Parallelize the innermost loop for greater speed. Note that this may give some accuracy tradeoff.

--reset-options-before-recursion

Reset options tuning the speed and accuracy before the recursive part.

--show-bipartite-nodes

[Deprecated, see --hide-bipartite-nodes] Include the bipartite nodes in the output (now default).

--hide-bipartite-nodes

Hide the bipartite nodes in the output.

-v[+] --verbose [+]

Verbose output on the console. Add additional 'v' flags to increase verbosity up to -vvv.

--silent

No output on the console.

Argument types are defined as:

• <n> - a positive integer
• <f> - a floating point number
• <p> - a path to a file or directory
• <s> - a string matching one of the listed keys

[+] means that the option can be repeated

Examples

As stand-alone

mkdir output
./Infomap ninetriangles.net output/ -N 10 --tree --bftree

Here, we first create a new directory where we want the put the results, and feed that to Infomap together with an input network and an option. Now Infomap will try to parse the file ninetriangles.net as an undirected network, partition it hierarchically and write the best result out of 10 attempts to the output directory, both in the human readable .tree format and the binary .bftree format, which can be loaded into the Network Navigator.

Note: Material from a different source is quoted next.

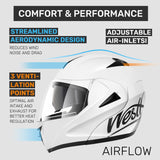 1 x RAW Customer Returns Westt motorcycle helmet men women flip-up helmet jet helmet with chin guard full face helmet scooter helmet motorcycle helmet with ECE DOT certification - RRP €88.34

./Infomap ninetriangles.net output/ -N 10 --directed --two-level --clu --map

Here, Infomap will treat the network as directed and try to find the optimal two-level partition with respect to the flow. This will also create an output .clu file with the cluster indices, and a .map file with the modular network that can be visualized using the Map Generator.

Multiplex

Multiplex networks describes a set of networks with corresponding nodes but different link structures, and possibly also an inter-network link structure (see multiplex format). If no inter-link data is provided, or if the relax rate is explicitly set, the inter-link structure will be generated by relaxing the layer constraints of the intra-network links.

There are two ways to provide a multiplex network to Infomap:

./Infomap multiplex-network.net output/ -i multiplex

or

./Infomap network1.net network2.net [... networkN.net] output/

where network1.net to networkN.net are ordinary networks in the Pajek or link list format.

As C++ library

To see a minimal example on how Infomap can be run as a library, check the files example.cpp and Makefile in the examples/cpp/minimal directory, and run by typing:

cd examples/cpp/minimal
make
./example

The included directory example/cpp/Infomap-igraph-interface-library/ contains an example on how to write a small interface library to simplify integration with other network libraries, here igraph. Example code to use that is included in the examples/cpp/igraph directory.

With other languages

With Python and Jupyter Notebook

To run Infomap from the included python example code, type:

cd examples/python
make
python example-networkx.py

The make command first calls make python in the Infomap base directory, which uses swig and setuptools to compile Infomap to a python module. Then that module is copied to the current example directory to be easily imported in the included python code.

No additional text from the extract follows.